The transition from superfemale begins during Jennie and Eben’s last meeting, as Eben finishes Jennie’s portrait. As she sits for him, Jennie says something quite different from her usual lovestruck conversation. Instead of mentioning how they will “be together always” Jennie muses, “You know how you feel sad sometimes? About things that have never happened? Perhaps they’re the things that are going to happen to us. Perhaps we know it…and are just too afraid to admit it to ourselves.” In this moment, Jennie moves past her infatuation/love for Eben and transcends what she wants to ponder a deeper truth: that there is a limit to what a mere person can achieve, a limit to how far manipulation will get you. She admits that she is just as capable of being manipulated as she is capable of manipulating others–manipulated in this case by time itself. Also for the first time, Jennie admits that she is just as much a victim of time’s inconsistencies as Eben is: no matter how persuasively she plans their life together, time can sweep them apart just as easily as it brought them together, and she has no control over it, no warning but a vague sense of sadness. This moment of reflection is integral because in it Jennie accepts her own limits and, equally important, her fate as a victim of time. Thus she fulfills Haskell’s definition of the transition from superfemale to superwoman: “by taking life into her own hands, her own way.” However, to take her life into her hands, Jennie must let it go. Her transition to being a superwoman is reliant upon her realization that, in the end, her situation is beyond her control.

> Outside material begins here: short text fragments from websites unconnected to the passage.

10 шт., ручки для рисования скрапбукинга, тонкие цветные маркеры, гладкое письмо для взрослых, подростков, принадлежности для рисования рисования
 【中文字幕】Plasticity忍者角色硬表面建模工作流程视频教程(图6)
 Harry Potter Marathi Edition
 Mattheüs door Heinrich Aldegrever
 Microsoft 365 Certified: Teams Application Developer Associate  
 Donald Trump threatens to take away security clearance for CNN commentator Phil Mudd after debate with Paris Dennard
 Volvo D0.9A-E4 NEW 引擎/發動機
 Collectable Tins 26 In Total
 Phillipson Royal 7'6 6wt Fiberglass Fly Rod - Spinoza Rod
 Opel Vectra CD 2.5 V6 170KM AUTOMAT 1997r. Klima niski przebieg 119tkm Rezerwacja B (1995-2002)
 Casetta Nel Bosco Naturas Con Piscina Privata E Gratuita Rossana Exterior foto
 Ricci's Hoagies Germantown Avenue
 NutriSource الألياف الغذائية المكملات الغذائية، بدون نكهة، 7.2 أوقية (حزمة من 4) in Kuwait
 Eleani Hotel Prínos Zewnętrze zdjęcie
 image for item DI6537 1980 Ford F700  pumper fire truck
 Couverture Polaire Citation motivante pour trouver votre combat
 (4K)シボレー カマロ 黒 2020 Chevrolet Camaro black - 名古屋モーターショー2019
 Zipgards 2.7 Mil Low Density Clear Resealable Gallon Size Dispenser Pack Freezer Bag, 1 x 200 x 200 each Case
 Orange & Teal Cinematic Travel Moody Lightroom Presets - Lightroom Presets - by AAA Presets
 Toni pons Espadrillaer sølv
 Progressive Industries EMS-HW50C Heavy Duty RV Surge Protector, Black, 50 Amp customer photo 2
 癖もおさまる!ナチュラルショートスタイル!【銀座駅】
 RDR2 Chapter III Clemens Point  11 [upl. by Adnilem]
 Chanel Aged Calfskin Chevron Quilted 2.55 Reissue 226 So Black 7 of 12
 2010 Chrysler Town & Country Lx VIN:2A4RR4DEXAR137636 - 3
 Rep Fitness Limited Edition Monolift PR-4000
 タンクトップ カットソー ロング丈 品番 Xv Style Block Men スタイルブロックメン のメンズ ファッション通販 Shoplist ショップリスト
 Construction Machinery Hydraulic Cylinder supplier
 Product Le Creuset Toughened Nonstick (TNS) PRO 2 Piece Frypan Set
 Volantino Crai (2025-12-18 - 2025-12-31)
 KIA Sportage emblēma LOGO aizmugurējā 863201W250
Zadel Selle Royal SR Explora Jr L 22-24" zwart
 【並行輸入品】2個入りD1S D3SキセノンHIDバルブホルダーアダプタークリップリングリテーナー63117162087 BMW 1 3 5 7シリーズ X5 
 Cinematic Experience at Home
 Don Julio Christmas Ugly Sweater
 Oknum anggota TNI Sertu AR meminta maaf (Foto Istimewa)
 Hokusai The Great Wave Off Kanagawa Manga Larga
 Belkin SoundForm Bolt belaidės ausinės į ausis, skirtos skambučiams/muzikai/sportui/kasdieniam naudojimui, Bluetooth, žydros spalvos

Unfortunately, in terms of Jennie’s transition, the film is incomplete. Her realization becomes a prediction, as she and Eben are swept apart from each other, both literally and figuratively. For the film, this is the end. However, for the character of Jennie, it was barely a beginning. Having succeeded in becoming a superwoman through acceptance of her situation, Jennie becomes free to love without manipulation, to engage in the equal-fulfillment relationship Haskell describes at the end of her essay. Unfortunately, the film ends with her still caught in the fledgling stage of superwoman-hood, demonstrating again that the focus of the film is not on her but on Eben, who not only survives the film but does it in full fulfillment of his artistic potential. Jennie never gets to fulfill her full potential; she is trapped in the role of Muse, and never receives the opportunity to understand her full identity outside of that role. Thus an already dynamic character is both ignored and repressed.
And the portrait of Jennie, beautiful but flat, becomes symbolic of her treatment as a character.